■ REQUIREMENT: Write out, unchanged, the lines from the one holding "Maya BOSS(Bifrost Ocean Simulation System)" to the close of the listing. Both the first and last lines belong in it.

■ SUPPLIED DATA:
/---

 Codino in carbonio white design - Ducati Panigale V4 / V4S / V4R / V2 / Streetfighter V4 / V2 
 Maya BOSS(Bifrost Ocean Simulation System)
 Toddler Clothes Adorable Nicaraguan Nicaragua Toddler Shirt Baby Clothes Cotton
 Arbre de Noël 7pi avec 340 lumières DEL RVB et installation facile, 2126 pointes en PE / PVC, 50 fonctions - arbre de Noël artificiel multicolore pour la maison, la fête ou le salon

\---

■ PROBLEM SOLUTION:
 Maya BOSS(Bifrost Ocean Simulation System)
 Toddler Clothes Adorable Nicaraguan Nicaragua Toddler Shirt Baby Clothes Cotton
 Arbre de Noël 7pi avec 340 lumières DEL RVB et installation facile, 2126 pointes en PE / PVC, 50 fonctions - arbre de Noël artificiel multicolore pour la maison, la fête ou le salon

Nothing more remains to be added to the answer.